Over recent years, new treatments have been developed and old ones rediscovered in the fight against abscesses.
Ultimately the best treatment is complete surgical excision, but often, due to the location or size of an abscess, this may not be possible. In these cases, one or a combination of the following treatments may be implemented.
Gels (e.g. Intrasite) help to stimulate normal tissue growth and repair at the edges and base of wounds. Some preparations also inhibit bacterial growth and some newer preparations actually contain antibiotics as a paste and can be used to pack the cavity and left for longer.
Antibiotic solutions can be soaked into gauze used to pack abscess cavities, but still need to be changed daily. This method – applying relatively high concentrations of antibiotic directly to the wound – allows the use of antibiotics which would be toxic if given systemically.
Care still has to be taken, though, because the drug may be absorbed into the body via the wound which can upset the normal gut function of the rabbit, which is dependent on friendly bugs which may be killed off by the antibiotics.

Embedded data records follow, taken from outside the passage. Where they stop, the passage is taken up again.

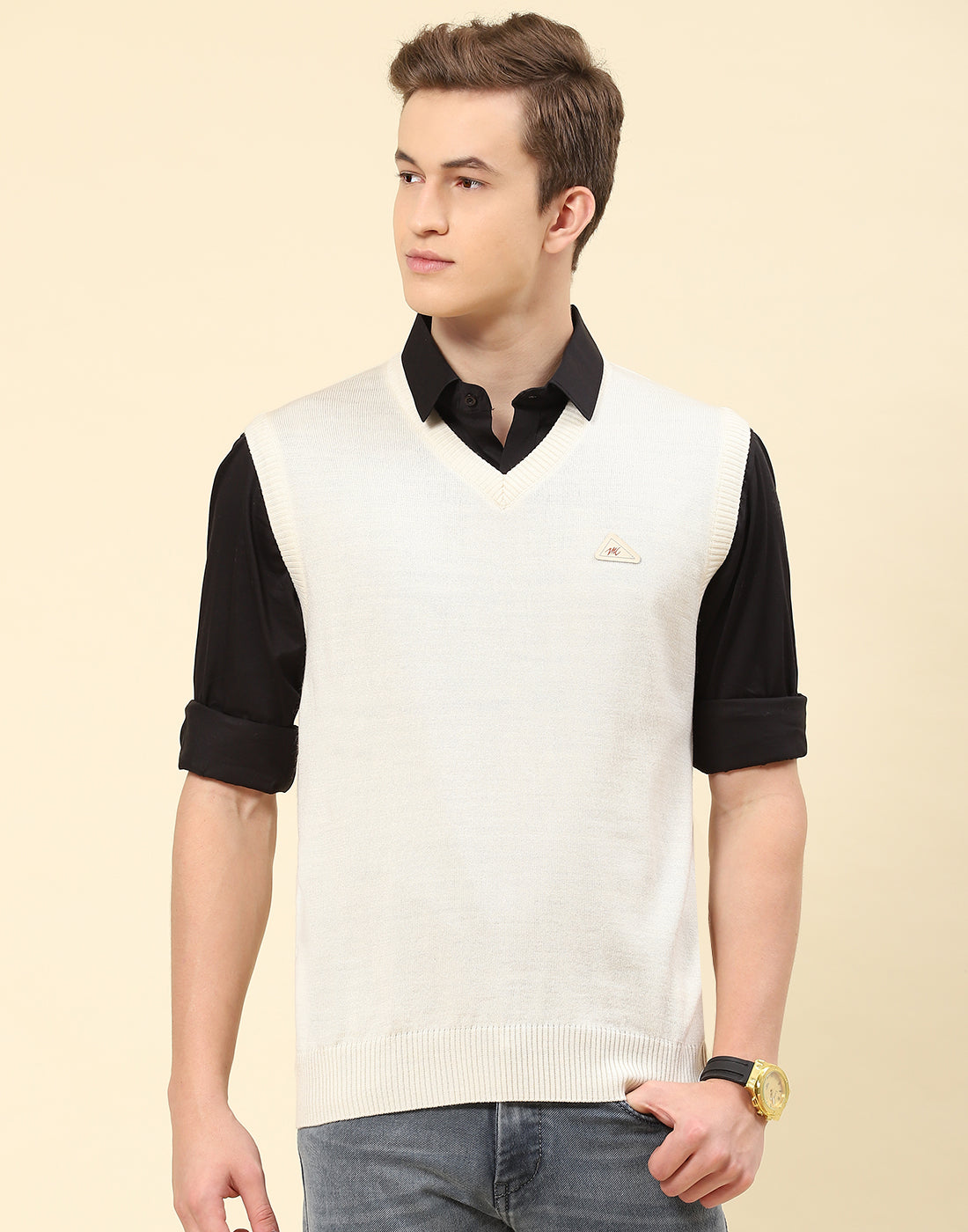 Men Cream Solid V Neck Sleeveless Sweater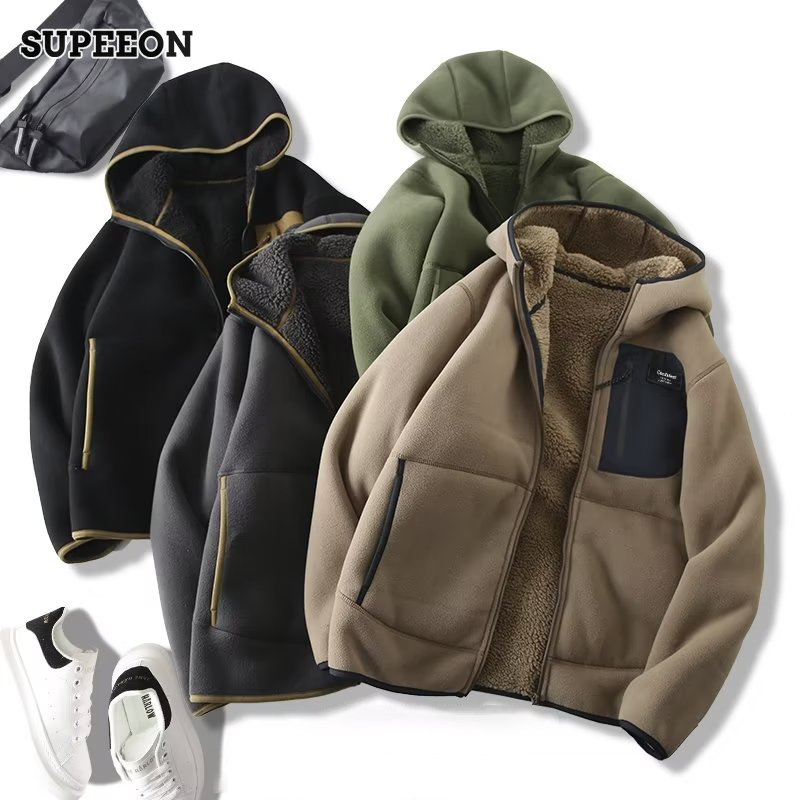 SUPEEONMỹ áo khoác Jacket lông cừu nam có mũ trùm đầu ấm áp mùa đông Áo len đan vai bông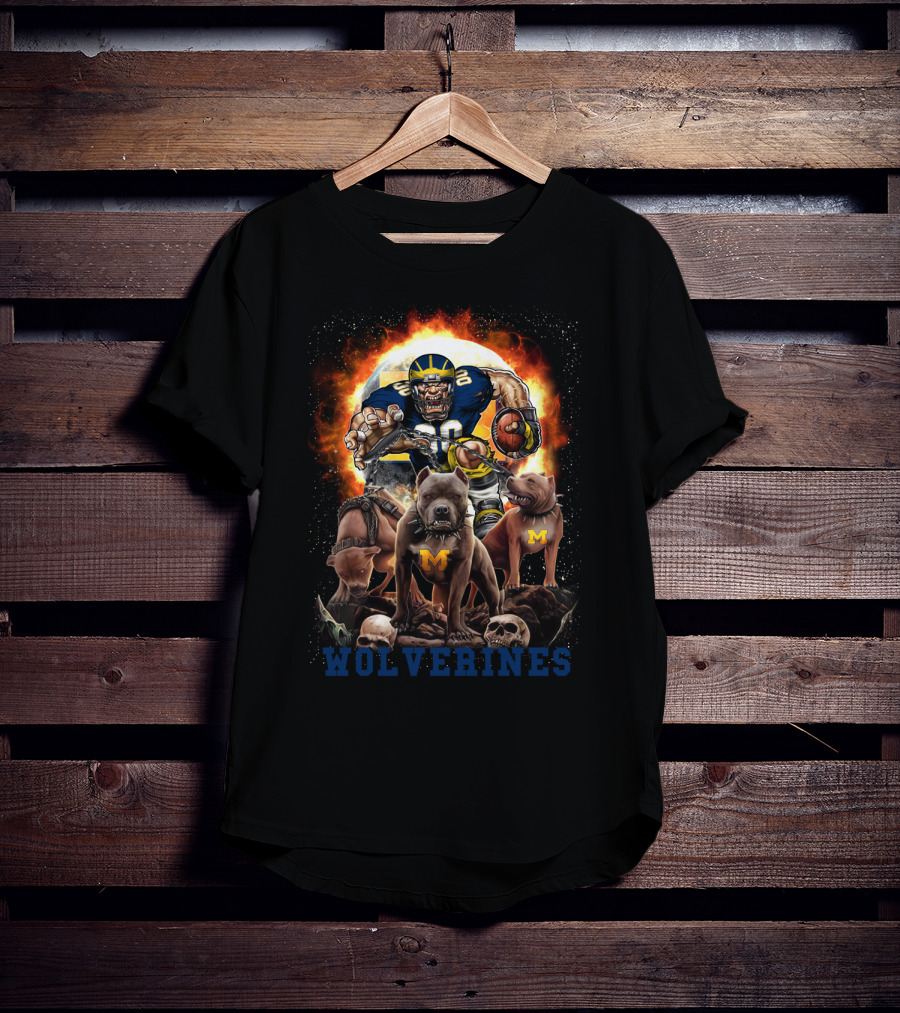 Michigan Wolverines Football Player With Dogs And Flames T-Shirt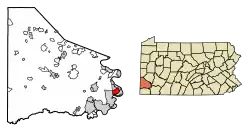 Location of Long Branch in Washington County, Pennsylvania.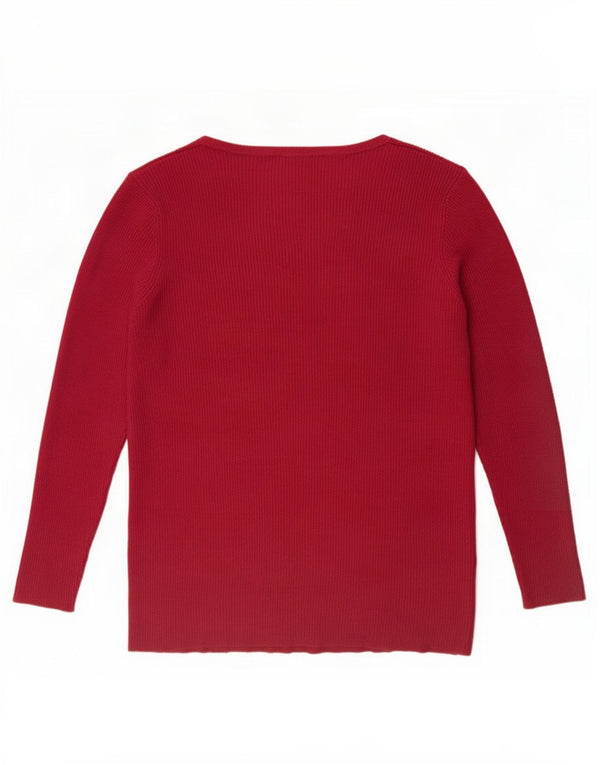 Sweter damski Marks & Spencer z dekoltem w kształcie litery V, UK 20 2XL, bordowy, wiskoza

Dextrose – An ancient treatment coming back into fashion is very strong dextrose (sugar) solution. Normally, bacterial growth in the body increases as sugar concentrations rise, because bugs use sugar as a food source. This is why diabetic animals get more infections. However, a 50% dextrose solution is so concentrated that it not only inhibits the growth of most bacteria, but actually kills them by sucking the water out of them so that they die of dehydration. The dextrose can also help draw out fluid that would otherwise accumulate in the cavity. Dextrose solution is soaked onto gauze and packed into the wound, filling the cavity. The dressing must be changed at least once a day – otherwise fluid coming out of the wound will dilute the dextrose, and the dextrose may start to be absorbed into the body, negating its beneficial effects.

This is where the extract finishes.